De
Garcilaso dela Vega dizia-se que era el mais hermoso y gallardo de
cuantos componian la Corte del emperador. Chamavam-no, sem inveja, el
amado de los dioses y su elegido. Morto com a idade de Cristo
(1503-1536), viveu o grande toledano uma vida de um brilho raro,
distribuída entre um desterro, muitas batalhas e, nos interlúdios,
lindas mulheres, entre as quais sobressai sua maior paixão, dona
Isabel Freyre, dama portuguesa da Corte da imperatriz Isabel, que,
aparentemente, não lhe dava o devido troco. Mas a verdade é que o
poeta-cortesão ia levando, a mão nos copos da espada, um sorriso
nos lábios e estrofes de Virgílio, Dante e Petrarca na ponta da
língua, para amaciar corações outros que não o da bem-amada.
Era
um bravo, à maneira de Villon e de Camões. Tão bem a cavalo como a
pé, amigo de poetas e de santos, morreu nos braços de seu amigo, o
marquês de Lombay, que a Igreja canonizaria como são Francisco de
Borja, depois de, sozinho, dar início ao assalto à fortaleza de
Muy, na Provença. Mas quando repousava-se das armas, empunhava, ao
que se conta, a harpa com igual mestria.
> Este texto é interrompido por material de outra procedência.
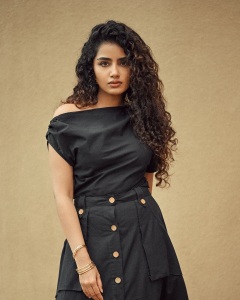 anupama-parameswaran-in-black-jeans-frock-photo-005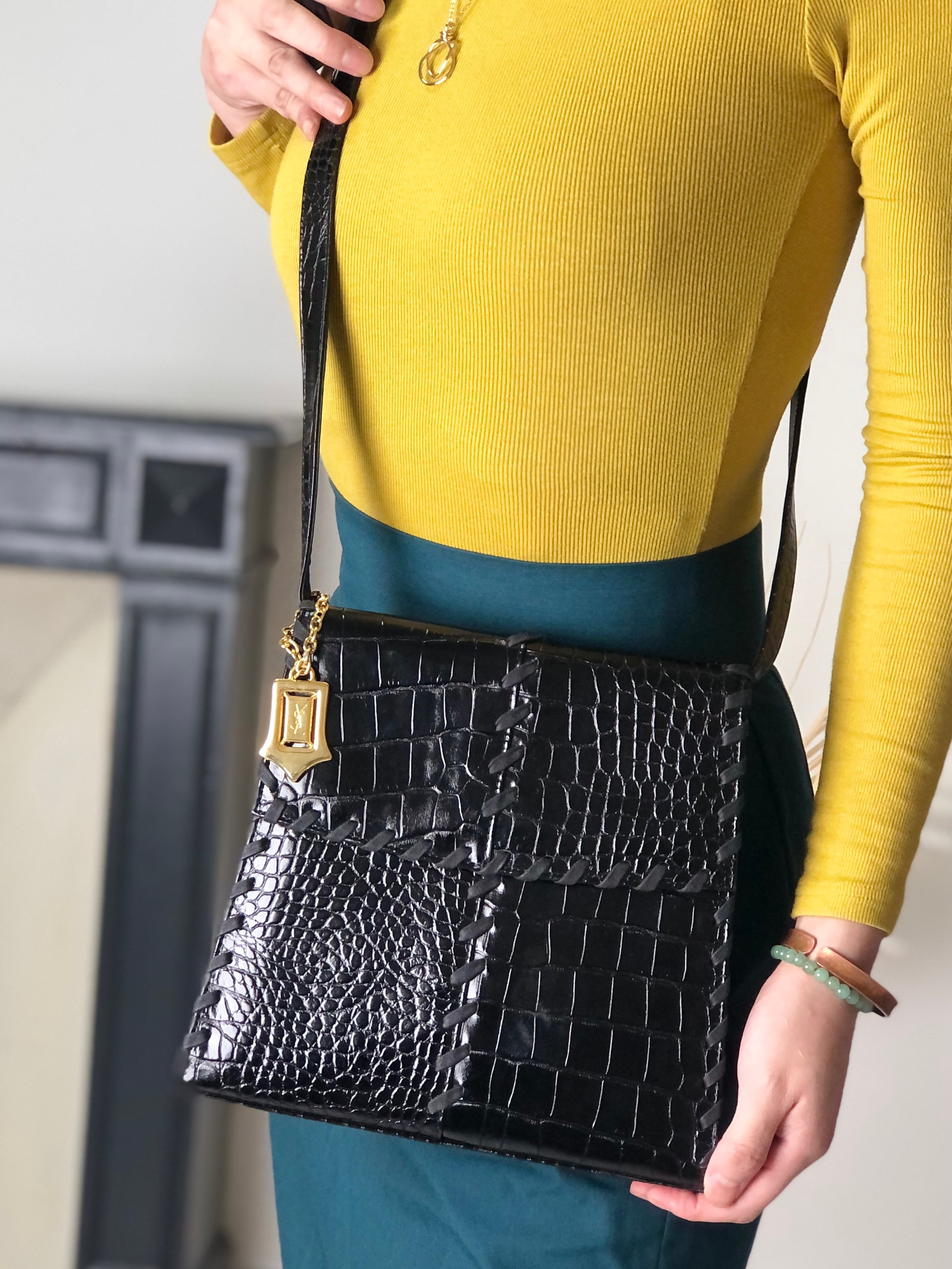 Yves Saint Laurent イヴ・サンローラン ショルダーバッグ ブラック YSL チャーム レザー クロコ型押し ミニバッグ vintage ヴィンテージ オールド p7s3ib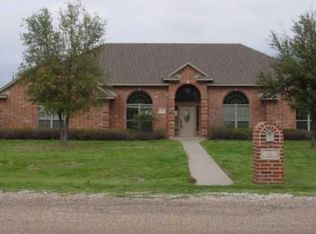 111 Carriage Dr, Waxahachie, TX 75165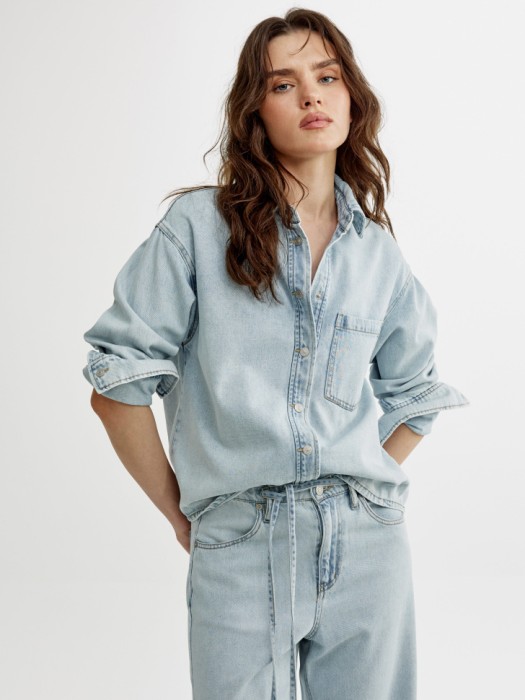 джинсовая рубашка оверсайз из смесового лиоцелла из хлопка спереди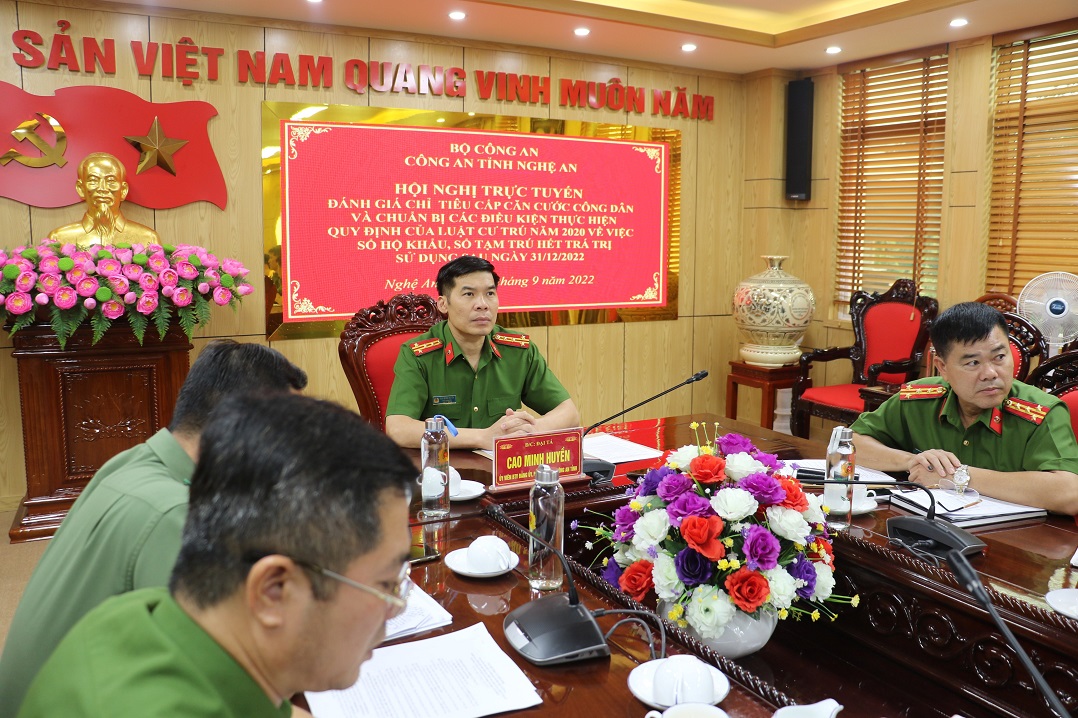 Đồng chí Đại tá Cao Minh Huyền, Phó Giám đốc Công an tỉnh chủ trì Hội nghị tại điểm cầu Công an tỉnh Nghệ An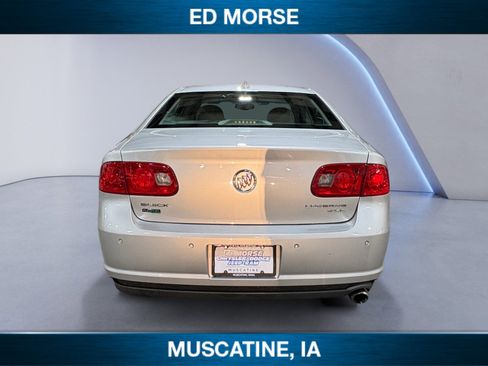 Used 2011 Buick Lucerne CXL w/ Driver Confidence Package image 4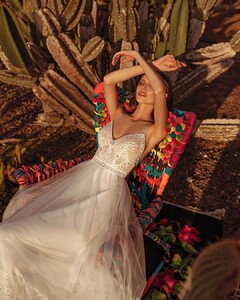 asafdadushbridal_72343185_158169718730975_417986185495080198_n.jpg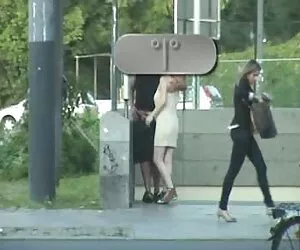 Un om bogat a fost clipurixx complet separat de capra senzuală de pe canapea.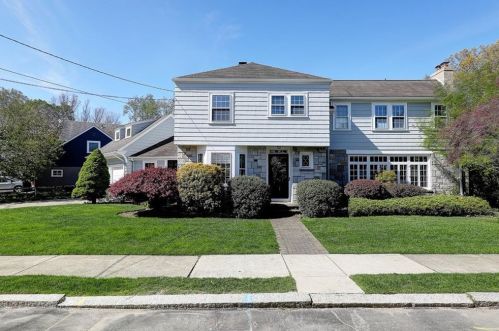 129 Fosdyke St, Providence, RI 02906-3537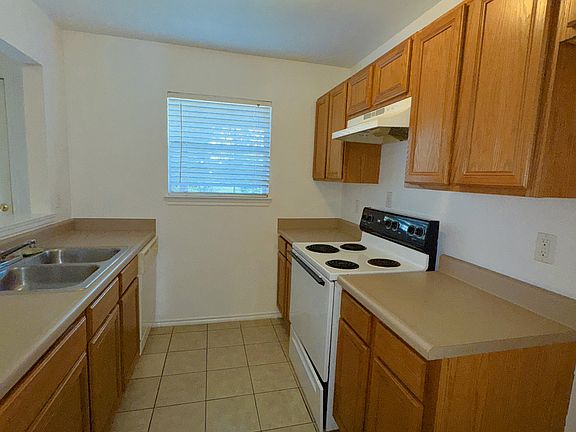 4th image of 309 S Water Ln #2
Formal, no sentido clássico,
sem ser culterano, soube deixar fluir de sua curta mas magistral obra
poética uma luminosa música verbal que o distingue entre os
pioneiros do chamado Século de Ouro da poesia espanhola. E foi
também um extraordinário inovador, não só com trazer para a
lírica de sua pátria os elementos positivos da escola italiana, mas
com enriquecê-la de criações novas, qual seja a estrofe composta
de versos de cinco, sete e 11 sílabas, conhecida como estrofe-lira,
por ser esta a palavra final do primeiro verso de sua famosa canção
“A la flor de Gnido”:
Si
de mi baja lira
tanto
pudiese el son que en un momento
aplacase
la ira
del
animoso viento
y
la furia del mar, y el movimiento
E
que maior glória para Garcilaso, ver suas inovações constituírem
as formas diletas de poetas espanhóis do século VI da estatura de
frei Luis de León e, sobretudo, san Juan de La Cruz?
Há
um verso do poeta que me encanta, na écloga dedicada ao vice-rei de
Nápoles, em que são personagens seus dois filhos pastoris mais
amados, Salicio e Nemeroso. Vem lá pelo meio do poema, e diz assim:
… cuando
Salicio, recostado
al
pié de una alta haya en la verdura,
por
donde una agua clara con sonido
atravesaba
el fresco y verde prado...
O
verso a que me refiro, como já hão de ter percebido, é o terceiro
do trecho aqui citado: por donde una agua clara con sonido. É inútil
tentar traduzir. Água clara com som, água clara com ruído - nada
terá nunca a beleza natural, a luminosidade de córrego límpido
correndo fagueiro ao sol, o onomatopeísmo substantivo, sem
necessidade de aliterações, do verso original de Garcilaso. São
como sons puros de música.
Eu,
se jamais tivesse feito um verso assim, pendurava as chuteiras.